Investors in the ETF only sold about $17.5 million worth of BTC, compared to well over $150 million per day over the previous three trading days. The sudden slowdown has some Bitcoiners on Crypto Twitter (aka X) excited that Grayscale has nothing left to give, which could relieve the broader Bitcoin market of a major source of sell pressure.
Exactly three months since GBTC began trading as a Bitcoin spot ETF, the fund has now lost over 300,000 BTC—nearly half of the holdings it had in January. That’s despite nonstop inflows to competing funds run by BlackRock and Fidelity, and a Bitcoin price that’s shot up 58% this year. So who exactly is dumping their GBTC, and why?
Many outflows appear to stem from the bankruptcy estates of FTX and Genesis, which were respectively granted permission to liquidate well over $2 billion in collective GBTC holdings over the past few months. Data from Arkham suggests that Genesis liquidated shares worth over 32,000 BTC ($2.1 billion) in March.
Management fees also play a role: Grayscale charges investors 1.5% per year to invest with them, compared to 0.25% charged by the iShares Bitcoin Trust (IBIT). That gives prospective Bitcoin buyers little incentive to buy GBTC over other funds, and potentially sways current investors to switch providers.
That said, on-chain analysis suggests that Grayscale’s outflows aren’t some temporary anomaly, but a completely natural phenomenon also observed in previous Bitcoin bull markets.
“GBTC is functioning exactly the same as HODLer selling,” wrote lead Glassnode analyst James Check on Twitter Tuesday.

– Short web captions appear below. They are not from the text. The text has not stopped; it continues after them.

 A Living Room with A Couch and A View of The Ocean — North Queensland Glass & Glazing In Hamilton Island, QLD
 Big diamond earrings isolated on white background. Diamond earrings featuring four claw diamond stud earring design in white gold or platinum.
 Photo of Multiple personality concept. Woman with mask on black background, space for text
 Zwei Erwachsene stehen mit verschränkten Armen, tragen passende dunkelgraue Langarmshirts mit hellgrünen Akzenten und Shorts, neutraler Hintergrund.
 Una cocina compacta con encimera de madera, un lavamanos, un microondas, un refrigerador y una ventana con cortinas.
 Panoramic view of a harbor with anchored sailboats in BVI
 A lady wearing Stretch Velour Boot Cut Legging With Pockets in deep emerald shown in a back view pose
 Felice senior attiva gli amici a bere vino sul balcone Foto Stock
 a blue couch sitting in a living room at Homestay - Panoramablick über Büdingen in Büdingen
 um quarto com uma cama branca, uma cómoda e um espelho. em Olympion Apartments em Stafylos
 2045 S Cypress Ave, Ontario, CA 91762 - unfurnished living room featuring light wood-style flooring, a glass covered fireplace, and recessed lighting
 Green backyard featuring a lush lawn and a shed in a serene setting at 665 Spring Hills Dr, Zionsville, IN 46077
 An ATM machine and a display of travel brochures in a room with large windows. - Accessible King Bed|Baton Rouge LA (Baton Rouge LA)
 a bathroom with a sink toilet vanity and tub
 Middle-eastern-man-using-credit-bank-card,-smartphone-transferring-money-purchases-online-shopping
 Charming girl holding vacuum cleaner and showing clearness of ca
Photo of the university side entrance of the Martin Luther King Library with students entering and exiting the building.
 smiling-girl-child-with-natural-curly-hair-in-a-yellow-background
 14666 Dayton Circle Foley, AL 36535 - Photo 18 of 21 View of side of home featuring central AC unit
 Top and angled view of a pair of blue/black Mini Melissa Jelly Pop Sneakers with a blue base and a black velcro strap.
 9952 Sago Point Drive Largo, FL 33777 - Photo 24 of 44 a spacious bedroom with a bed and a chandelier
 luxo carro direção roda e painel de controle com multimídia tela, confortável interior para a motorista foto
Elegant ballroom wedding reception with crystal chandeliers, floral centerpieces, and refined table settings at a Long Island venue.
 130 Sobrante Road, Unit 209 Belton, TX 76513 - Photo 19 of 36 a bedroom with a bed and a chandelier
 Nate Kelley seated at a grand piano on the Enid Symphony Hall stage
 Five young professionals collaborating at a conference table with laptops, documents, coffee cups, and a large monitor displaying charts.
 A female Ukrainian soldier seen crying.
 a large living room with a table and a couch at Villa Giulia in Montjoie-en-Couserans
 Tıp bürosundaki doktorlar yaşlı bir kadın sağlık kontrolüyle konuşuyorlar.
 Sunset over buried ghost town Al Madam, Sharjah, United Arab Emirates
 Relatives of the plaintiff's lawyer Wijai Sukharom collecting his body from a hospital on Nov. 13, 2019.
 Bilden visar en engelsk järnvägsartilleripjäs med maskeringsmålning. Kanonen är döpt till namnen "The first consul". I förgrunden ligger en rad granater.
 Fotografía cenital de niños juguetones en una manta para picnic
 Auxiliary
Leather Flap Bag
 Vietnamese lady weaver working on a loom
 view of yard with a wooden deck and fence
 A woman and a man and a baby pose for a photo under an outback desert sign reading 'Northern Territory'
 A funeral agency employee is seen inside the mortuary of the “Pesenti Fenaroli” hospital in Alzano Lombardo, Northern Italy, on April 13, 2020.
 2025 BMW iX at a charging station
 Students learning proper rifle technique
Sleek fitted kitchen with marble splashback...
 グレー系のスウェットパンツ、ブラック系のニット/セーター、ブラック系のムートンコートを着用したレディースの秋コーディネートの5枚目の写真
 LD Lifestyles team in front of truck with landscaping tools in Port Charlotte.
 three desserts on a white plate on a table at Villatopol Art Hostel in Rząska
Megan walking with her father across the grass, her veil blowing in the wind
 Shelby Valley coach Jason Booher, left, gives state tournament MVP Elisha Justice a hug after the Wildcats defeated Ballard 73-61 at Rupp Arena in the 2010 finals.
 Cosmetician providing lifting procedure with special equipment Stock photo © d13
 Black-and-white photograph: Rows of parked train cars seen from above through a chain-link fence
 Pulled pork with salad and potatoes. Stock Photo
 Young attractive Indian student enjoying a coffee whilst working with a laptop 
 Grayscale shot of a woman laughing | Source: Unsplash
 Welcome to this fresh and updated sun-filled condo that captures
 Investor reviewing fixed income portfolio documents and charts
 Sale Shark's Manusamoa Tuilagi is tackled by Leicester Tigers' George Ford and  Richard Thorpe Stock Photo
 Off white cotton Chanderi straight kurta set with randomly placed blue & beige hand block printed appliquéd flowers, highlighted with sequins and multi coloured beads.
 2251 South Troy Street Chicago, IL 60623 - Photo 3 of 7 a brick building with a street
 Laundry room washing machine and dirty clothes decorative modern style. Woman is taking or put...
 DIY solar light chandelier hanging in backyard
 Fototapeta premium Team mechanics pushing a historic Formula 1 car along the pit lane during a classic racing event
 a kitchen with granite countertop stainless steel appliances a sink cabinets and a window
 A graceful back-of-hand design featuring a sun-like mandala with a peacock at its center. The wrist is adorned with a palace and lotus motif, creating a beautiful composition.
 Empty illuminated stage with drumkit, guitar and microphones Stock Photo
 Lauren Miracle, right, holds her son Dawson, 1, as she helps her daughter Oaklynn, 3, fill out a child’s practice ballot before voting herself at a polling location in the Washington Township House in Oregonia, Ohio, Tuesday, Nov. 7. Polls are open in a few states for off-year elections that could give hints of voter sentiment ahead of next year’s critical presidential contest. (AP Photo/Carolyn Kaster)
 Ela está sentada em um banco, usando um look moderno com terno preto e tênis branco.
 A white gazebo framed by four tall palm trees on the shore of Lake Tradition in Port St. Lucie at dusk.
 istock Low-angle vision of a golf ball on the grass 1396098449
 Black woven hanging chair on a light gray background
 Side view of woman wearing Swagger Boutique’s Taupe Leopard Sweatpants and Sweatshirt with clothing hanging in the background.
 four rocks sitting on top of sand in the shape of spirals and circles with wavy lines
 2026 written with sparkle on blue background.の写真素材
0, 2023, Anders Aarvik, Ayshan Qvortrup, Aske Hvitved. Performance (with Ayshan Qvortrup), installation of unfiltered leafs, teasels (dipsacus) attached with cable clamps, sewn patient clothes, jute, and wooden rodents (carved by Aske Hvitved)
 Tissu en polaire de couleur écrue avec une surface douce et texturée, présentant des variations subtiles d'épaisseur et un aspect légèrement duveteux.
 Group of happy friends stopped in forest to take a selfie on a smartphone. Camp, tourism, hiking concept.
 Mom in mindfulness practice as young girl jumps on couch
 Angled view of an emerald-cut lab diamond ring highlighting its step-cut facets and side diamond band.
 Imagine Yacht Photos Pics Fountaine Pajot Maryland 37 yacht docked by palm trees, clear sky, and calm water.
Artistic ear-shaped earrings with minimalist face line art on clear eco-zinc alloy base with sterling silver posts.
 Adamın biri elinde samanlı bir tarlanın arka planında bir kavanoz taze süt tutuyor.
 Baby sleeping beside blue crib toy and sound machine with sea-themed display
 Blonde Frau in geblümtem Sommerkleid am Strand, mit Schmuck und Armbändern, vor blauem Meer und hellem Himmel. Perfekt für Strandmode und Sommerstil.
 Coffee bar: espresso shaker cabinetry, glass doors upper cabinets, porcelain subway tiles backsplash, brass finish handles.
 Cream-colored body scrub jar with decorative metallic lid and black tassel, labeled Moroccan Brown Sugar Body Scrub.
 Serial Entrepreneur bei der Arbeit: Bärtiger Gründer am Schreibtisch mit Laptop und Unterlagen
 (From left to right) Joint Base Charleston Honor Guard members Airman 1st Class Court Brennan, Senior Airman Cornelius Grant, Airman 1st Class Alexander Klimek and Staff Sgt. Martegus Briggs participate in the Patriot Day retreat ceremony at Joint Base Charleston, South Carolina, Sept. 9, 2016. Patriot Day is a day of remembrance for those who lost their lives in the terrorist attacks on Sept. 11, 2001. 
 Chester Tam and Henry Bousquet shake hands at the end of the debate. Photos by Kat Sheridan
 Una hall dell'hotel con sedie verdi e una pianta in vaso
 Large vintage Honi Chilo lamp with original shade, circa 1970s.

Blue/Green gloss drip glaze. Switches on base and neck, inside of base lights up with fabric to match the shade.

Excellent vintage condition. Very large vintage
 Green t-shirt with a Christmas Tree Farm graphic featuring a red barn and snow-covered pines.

In an accompanying video presentation, Check explained that most of the coins held by GBTC entered the fund in the summer of 2021. Their respective buyers are now sitting on a massive profit, and naturally have started taking chips off the table—much like long-term holders typically do when Bitcoin breaks its former all-time high.
“It is irrelevant whether coins are from bankrupt estates, disgruntled holders, or arbitrage traders,” he argued.
Despite starting with a near $30 billion lead over competitors, there’s now a gap of less than $4 billion between it and BlackRock’s iShares Bitcoin Trust.